Manfred Mann's Earth Band is an English group founded in the early seventies and led by the keyboardist (of South African origin but transplanted to London since childhood) Manfred Mann. This bespectacled and frowning musician had already tasted success in the sixties with a beat group under his name, heavily derived from the likes of the Beatles and the Monkees. After a brief dark period, he finally managed to reinvent and stabilize himself in the music scene with this formation, thanks to his notable and particular musical characteristics.

Mann is indeed a musician with precise virtues and precise shortcomings. Among the former is being a supreme arranger and structurer of songs, as well as a great synthesizer soloist (the best, I would venture). His main shortcoming, however, is being a modest composer. Wisely, the Manfred Mann's Earth Band was immediately and throughout their career set up essentially as a cover band. In this album, indeed, only two of the seven included songs are original.

It's at this point that the excellent respectability and value of this formation emerges: far from replicating the original arrangements and atmospheres, the original tracks are always transformed, both rhythmically and structurally, as well as enriched and inflated with good musical hormones, harmonic situations, effective solo escapes by the leader or his guitarist Dave Fleet.

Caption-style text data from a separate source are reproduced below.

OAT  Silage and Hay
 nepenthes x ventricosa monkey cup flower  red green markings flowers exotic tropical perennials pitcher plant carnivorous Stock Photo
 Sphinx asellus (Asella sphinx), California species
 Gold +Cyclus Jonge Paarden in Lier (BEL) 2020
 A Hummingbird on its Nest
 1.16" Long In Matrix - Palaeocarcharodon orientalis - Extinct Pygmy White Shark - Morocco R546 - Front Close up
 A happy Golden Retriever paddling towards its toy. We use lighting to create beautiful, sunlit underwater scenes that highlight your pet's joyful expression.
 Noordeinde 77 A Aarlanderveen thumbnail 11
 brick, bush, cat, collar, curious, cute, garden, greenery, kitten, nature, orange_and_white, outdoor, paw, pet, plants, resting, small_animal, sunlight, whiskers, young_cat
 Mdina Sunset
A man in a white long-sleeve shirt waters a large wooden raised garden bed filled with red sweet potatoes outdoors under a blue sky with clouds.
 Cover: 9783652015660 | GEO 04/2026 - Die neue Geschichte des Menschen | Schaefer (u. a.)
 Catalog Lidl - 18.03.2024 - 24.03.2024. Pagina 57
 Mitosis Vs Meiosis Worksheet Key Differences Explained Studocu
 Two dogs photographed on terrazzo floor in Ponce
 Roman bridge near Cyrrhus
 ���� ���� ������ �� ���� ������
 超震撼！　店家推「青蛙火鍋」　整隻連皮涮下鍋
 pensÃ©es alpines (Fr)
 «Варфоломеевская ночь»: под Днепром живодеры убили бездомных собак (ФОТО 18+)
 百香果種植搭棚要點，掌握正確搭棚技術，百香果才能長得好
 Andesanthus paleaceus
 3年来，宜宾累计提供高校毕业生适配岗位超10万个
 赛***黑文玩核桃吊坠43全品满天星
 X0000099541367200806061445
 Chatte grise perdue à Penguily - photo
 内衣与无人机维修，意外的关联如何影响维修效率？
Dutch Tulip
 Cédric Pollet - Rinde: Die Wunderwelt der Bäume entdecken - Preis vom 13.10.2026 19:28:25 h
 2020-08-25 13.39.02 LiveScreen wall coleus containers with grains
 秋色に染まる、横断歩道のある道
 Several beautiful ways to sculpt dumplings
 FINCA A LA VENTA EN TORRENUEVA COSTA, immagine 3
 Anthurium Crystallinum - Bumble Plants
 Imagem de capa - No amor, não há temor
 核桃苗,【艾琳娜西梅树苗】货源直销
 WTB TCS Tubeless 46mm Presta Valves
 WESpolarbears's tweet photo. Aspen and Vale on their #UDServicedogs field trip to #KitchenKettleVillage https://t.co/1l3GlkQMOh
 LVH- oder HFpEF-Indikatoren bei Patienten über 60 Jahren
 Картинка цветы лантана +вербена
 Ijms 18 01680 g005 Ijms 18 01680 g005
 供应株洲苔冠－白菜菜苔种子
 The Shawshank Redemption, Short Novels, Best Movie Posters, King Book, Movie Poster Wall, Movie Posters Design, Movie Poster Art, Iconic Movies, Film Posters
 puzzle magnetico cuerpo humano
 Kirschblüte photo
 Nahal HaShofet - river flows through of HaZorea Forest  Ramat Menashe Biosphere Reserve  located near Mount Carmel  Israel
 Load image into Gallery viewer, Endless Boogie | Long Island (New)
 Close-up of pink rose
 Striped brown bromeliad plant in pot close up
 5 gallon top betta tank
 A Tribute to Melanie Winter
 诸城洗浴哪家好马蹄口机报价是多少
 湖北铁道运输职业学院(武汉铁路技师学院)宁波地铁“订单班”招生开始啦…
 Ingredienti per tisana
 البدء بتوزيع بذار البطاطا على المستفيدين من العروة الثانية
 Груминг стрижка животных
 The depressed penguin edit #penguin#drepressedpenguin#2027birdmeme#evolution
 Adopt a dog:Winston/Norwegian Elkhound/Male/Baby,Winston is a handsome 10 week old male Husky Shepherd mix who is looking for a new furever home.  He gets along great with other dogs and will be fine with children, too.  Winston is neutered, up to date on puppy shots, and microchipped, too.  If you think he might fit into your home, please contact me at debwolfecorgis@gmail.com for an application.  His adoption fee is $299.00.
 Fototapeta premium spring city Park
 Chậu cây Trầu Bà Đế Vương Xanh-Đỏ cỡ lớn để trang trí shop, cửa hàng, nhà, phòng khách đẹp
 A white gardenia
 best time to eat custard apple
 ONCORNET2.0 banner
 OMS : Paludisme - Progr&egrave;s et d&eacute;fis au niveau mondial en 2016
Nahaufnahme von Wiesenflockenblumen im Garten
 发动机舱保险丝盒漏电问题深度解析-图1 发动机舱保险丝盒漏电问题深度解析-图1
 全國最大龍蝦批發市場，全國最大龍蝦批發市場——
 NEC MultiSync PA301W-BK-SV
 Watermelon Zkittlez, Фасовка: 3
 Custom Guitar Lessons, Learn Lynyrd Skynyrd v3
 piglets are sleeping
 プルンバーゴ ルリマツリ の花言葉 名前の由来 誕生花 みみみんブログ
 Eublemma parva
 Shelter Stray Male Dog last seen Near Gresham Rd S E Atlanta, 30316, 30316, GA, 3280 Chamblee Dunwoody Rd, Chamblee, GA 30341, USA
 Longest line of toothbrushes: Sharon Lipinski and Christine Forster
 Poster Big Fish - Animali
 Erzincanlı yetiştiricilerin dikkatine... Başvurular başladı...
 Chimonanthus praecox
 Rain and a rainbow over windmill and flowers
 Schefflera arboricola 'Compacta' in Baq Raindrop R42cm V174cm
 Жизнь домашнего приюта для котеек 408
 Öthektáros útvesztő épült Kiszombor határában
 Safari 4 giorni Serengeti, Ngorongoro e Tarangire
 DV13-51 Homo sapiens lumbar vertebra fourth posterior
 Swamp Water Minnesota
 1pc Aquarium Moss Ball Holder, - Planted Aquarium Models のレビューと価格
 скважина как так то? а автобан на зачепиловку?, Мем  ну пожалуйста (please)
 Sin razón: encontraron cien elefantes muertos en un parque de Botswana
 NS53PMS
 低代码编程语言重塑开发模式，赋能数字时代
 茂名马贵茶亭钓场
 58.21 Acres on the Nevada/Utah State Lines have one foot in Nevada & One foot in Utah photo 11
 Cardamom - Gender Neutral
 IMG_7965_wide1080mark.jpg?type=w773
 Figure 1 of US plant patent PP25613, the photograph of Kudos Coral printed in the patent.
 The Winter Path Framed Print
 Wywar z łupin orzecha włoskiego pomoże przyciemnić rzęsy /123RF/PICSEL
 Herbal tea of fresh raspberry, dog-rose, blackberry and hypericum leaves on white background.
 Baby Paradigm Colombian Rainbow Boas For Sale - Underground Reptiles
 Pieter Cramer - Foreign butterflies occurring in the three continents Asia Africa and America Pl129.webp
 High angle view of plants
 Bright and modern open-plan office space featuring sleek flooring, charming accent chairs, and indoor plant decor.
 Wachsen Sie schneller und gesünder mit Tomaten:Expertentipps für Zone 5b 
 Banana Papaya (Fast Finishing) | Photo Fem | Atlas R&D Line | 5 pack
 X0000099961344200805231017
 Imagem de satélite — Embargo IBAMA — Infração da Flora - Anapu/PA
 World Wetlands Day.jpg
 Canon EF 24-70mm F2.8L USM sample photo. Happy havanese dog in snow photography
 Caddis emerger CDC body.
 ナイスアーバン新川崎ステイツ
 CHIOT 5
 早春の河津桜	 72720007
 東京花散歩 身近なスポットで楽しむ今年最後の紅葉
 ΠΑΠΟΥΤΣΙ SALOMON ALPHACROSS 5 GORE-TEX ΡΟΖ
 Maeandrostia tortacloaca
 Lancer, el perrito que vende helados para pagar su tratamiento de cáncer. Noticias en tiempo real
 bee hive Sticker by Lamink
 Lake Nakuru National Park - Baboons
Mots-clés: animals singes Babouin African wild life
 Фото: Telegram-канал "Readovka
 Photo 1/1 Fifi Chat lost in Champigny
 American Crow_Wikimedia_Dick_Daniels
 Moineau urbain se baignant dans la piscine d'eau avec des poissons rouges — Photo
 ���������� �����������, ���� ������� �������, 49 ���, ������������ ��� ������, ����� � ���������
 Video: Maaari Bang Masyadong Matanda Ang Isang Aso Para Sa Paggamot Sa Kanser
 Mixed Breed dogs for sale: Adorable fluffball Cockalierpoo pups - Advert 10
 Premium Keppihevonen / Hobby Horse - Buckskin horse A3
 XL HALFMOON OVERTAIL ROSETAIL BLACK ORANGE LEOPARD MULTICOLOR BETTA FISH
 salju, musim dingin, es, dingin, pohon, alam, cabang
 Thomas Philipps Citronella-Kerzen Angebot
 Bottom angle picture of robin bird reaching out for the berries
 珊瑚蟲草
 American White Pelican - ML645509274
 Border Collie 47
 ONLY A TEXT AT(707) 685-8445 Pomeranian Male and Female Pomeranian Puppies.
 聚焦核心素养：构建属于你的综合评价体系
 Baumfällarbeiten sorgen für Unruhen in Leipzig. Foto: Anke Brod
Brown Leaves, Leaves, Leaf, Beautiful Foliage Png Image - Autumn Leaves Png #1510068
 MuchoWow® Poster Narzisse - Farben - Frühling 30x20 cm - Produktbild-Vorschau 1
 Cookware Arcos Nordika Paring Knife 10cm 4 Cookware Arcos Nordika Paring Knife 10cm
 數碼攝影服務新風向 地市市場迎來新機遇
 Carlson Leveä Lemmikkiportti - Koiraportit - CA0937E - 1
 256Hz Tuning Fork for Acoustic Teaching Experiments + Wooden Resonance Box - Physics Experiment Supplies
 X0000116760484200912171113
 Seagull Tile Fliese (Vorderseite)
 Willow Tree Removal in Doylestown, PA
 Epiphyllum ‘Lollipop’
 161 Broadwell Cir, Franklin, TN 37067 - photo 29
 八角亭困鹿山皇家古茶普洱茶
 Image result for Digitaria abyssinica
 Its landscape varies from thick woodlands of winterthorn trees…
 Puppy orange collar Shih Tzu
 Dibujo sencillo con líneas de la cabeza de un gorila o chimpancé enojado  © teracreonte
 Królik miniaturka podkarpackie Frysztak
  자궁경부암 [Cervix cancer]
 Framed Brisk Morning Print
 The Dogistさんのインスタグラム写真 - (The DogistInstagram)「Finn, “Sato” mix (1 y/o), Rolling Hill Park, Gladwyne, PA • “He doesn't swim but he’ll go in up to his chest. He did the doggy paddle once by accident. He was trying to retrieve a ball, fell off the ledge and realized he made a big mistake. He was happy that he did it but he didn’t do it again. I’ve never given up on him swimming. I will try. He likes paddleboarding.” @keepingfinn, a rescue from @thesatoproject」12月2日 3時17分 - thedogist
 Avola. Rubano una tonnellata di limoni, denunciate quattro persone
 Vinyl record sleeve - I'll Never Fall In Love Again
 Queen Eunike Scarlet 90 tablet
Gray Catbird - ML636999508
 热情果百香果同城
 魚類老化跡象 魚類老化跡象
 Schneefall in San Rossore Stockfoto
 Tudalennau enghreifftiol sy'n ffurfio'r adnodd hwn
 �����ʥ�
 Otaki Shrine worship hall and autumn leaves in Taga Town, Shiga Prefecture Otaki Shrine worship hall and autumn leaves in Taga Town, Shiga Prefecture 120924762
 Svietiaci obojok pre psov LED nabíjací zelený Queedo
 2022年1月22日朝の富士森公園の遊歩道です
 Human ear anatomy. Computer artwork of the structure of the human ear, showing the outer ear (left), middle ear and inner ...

The result, in most cases, is a true rejuvenation of the original song, subjected to a rejuvenating treatment that is sometimes miraculous, since this process of "creative covering" is applied not to famous pages of rock discography, but to tracks of medium if not deservedly obscure fame.

This is the case with the highlight of this record, that "Davy's On The Road Again" written by a couple of Band members, but never recorded by them, forced to be released ignominiously on an album of only one of them, John Simon. Mann's churchy Hammond organ, so seventies and vibrant, introduces the track which then gets invigorated with triplet rhythm, capable of giving even greater prominence to the beautiful melody, so redolent of open-air festivals, the Woodstock generation, pop from days gone by, the kind without computers and sampling.

Mann’s acuity in choosing the songs to reinterpret (and vigorously transform) drives him to prioritize the repertoire of great songwriters who however are not arrangers: Bob Dylan is the most striking example of this category, thus the preferred target of the Earth Band, and in this record we find his "Mighty Queen" (incidentally, already in the sixties repertoire of Manfred Mann), in a live version that is extended and intense. In the manner of "All Along The Watchtower" in Hendrix's case, this Dylanian page is literally made Manfred’s own, erasing every trace of the old Bob’s folk march, instead transformed into a pop rock with a progressive aftertaste, robust and resolved. Also because the voice isn’t the American bard’s hoarse delivery, but the great singer of the group answering to the name of Chris Thompson: an extremely powerful, solid, and solemn timbre, this vocalist’s fame is inversely proportional to his talent. When interpreted by him, the entire band's repertoire, although with a certain basic pop lightness, is imbued with tension and energy.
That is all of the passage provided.